Segment Start: INPUT DATA

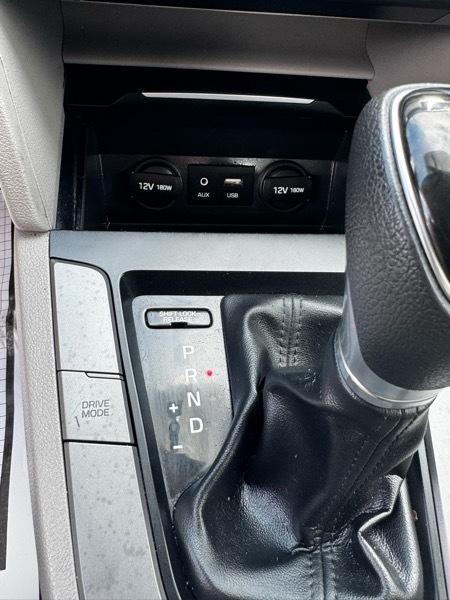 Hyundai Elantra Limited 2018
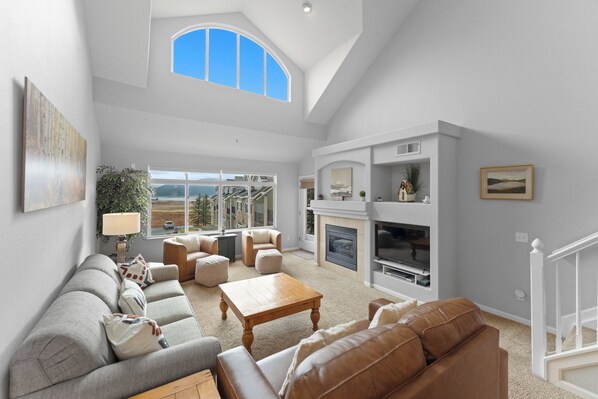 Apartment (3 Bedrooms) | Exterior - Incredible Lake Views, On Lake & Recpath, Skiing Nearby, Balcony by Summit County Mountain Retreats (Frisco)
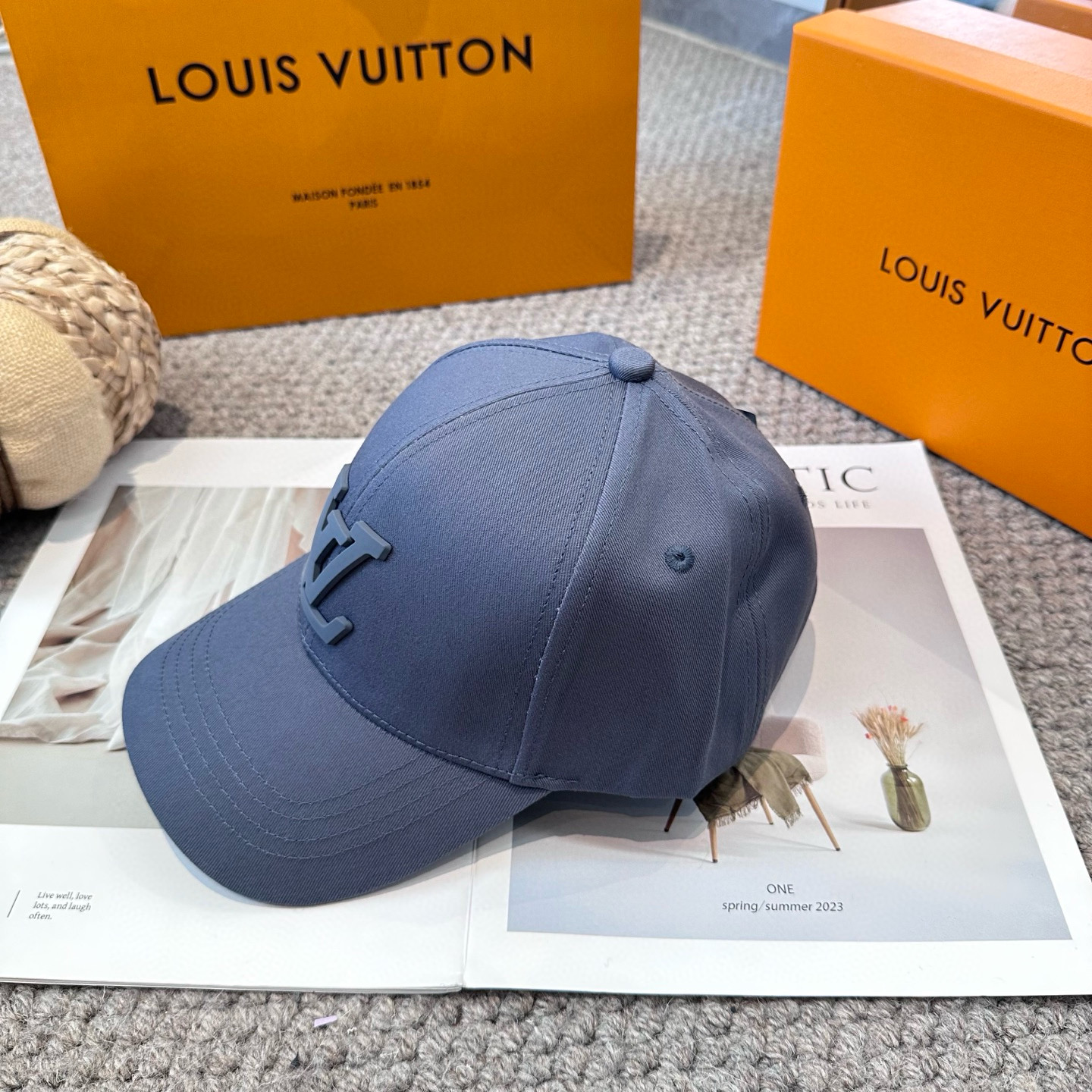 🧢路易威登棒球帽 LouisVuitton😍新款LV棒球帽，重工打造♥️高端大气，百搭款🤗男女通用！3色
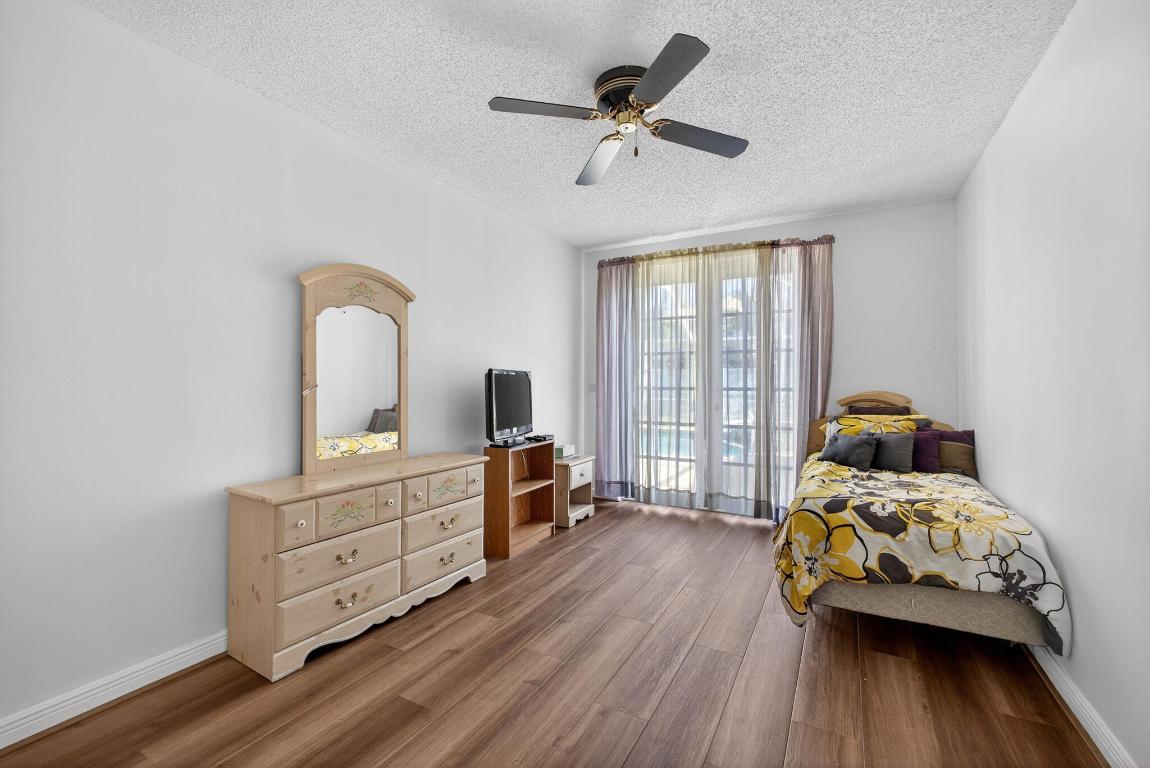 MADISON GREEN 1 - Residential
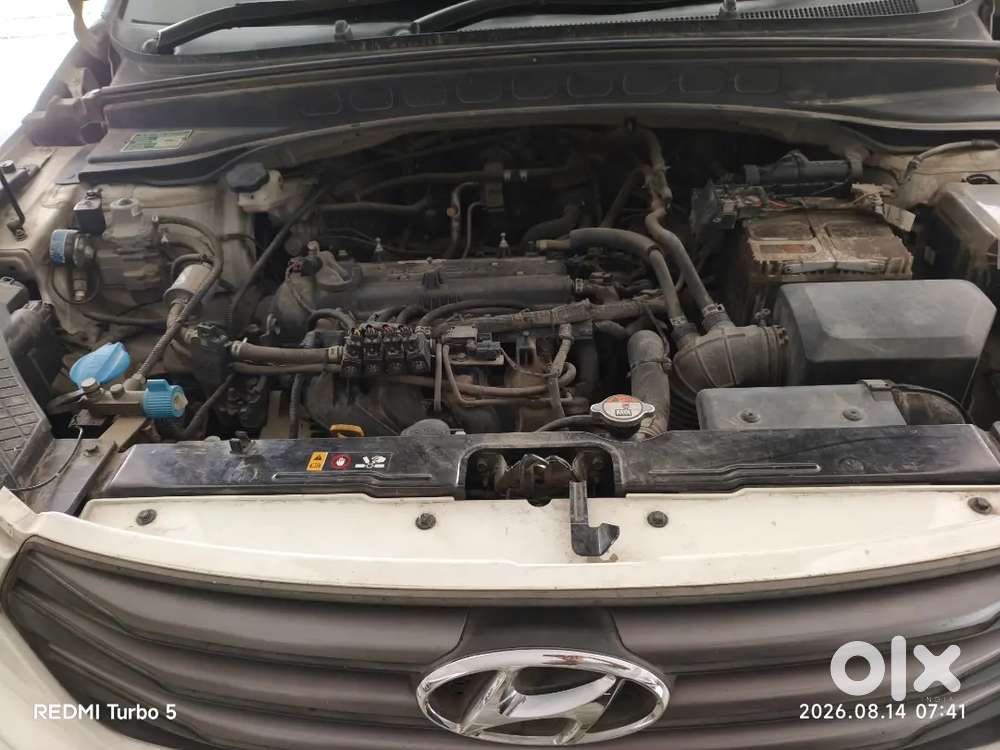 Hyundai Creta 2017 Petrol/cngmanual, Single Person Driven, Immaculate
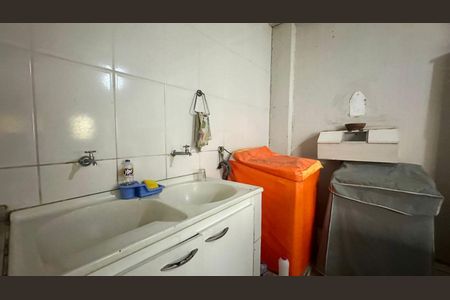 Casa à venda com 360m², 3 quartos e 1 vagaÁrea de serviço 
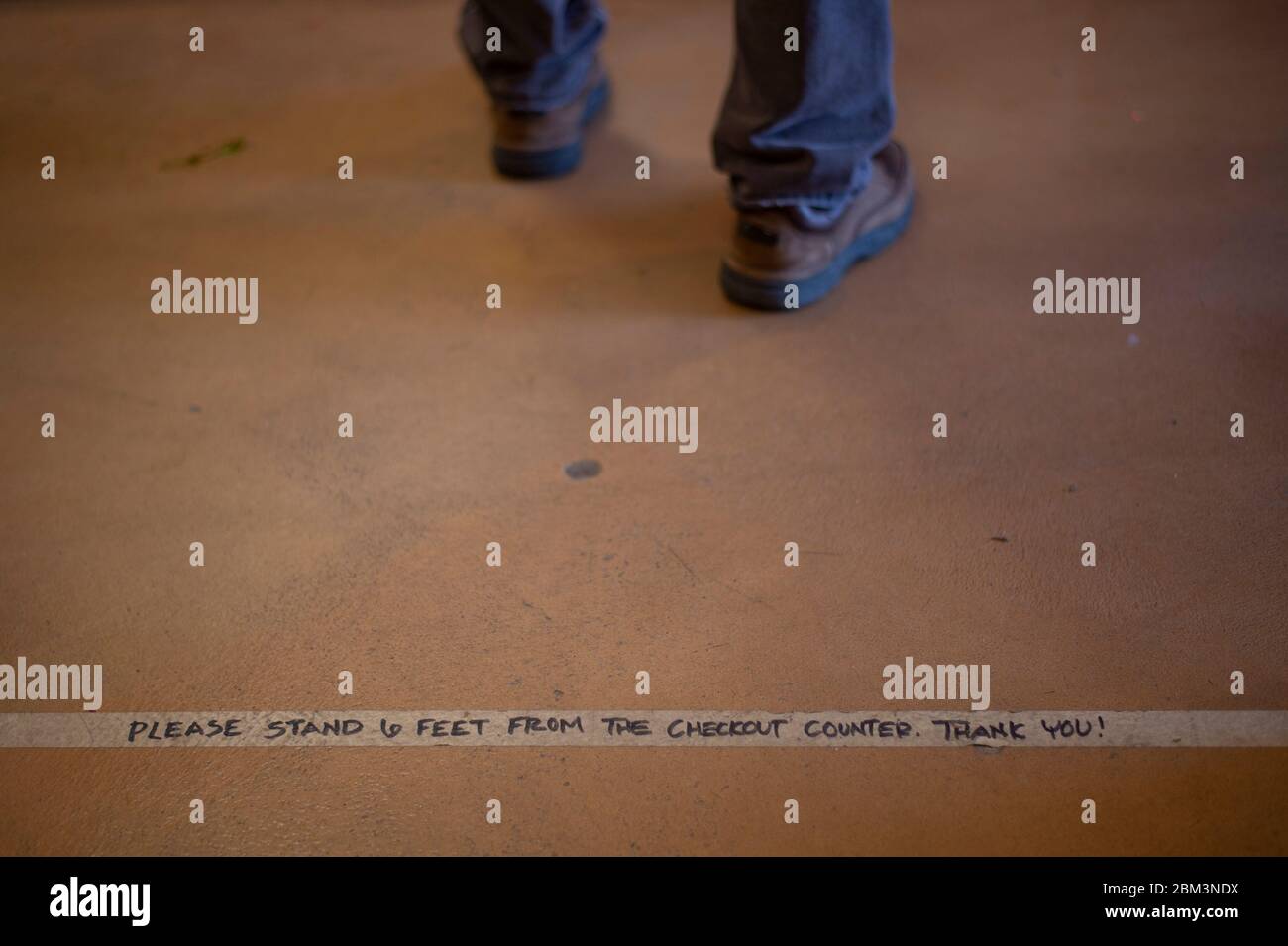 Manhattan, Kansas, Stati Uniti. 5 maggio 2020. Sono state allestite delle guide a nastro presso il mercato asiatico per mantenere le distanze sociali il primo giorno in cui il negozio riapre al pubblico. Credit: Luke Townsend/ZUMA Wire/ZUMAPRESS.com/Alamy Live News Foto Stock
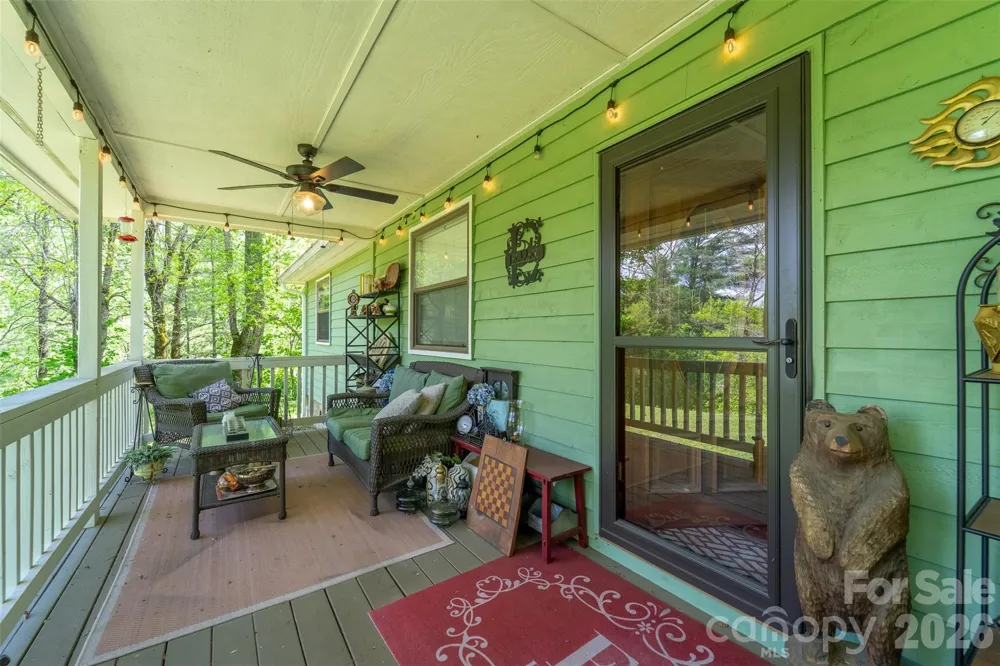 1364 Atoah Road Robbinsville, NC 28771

Segment End: INPUT DATA

• [WHAT IS REQUIRED]: Set down every record exactly as written, but drop the pictures.

• [TASK SOLUTION]:
 Hyundai Elantra Limited 2018
 Apartment (3 Bedrooms) | Exterior - Incredible Lake Views, On Lake & Recpath, Skiing Nearby, Balcony by Summit County Mountain Retreats (Frisco)
 🧢路易威登棒球帽 LouisVuitton😍新款LV棒球帽，重工打造♥️高端大气，百搭款🤗男女通用！3色
 MADISON GREEN 1 - Residential
 Hyundai Creta 2017 Petrol/cngmanual, Single Person Driven, Immaculate
 Casa à venda com 360m², 3 quartos e 1 vagaÁrea de serviço 
 Manhattan, Kansas, Stati Uniti. 5 maggio 2020. Sono state allestite delle guide a nastro presso il mercato asiatico per mantenere le distanze sociali il primo giorno in cui il negozio riapre al pubblico. Credit: Luke Townsend/ZUMA Wire/ZUMAPRESS.com/Alamy Live News Foto Stock
 1364 Atoah Road Robbinsville, NC 28771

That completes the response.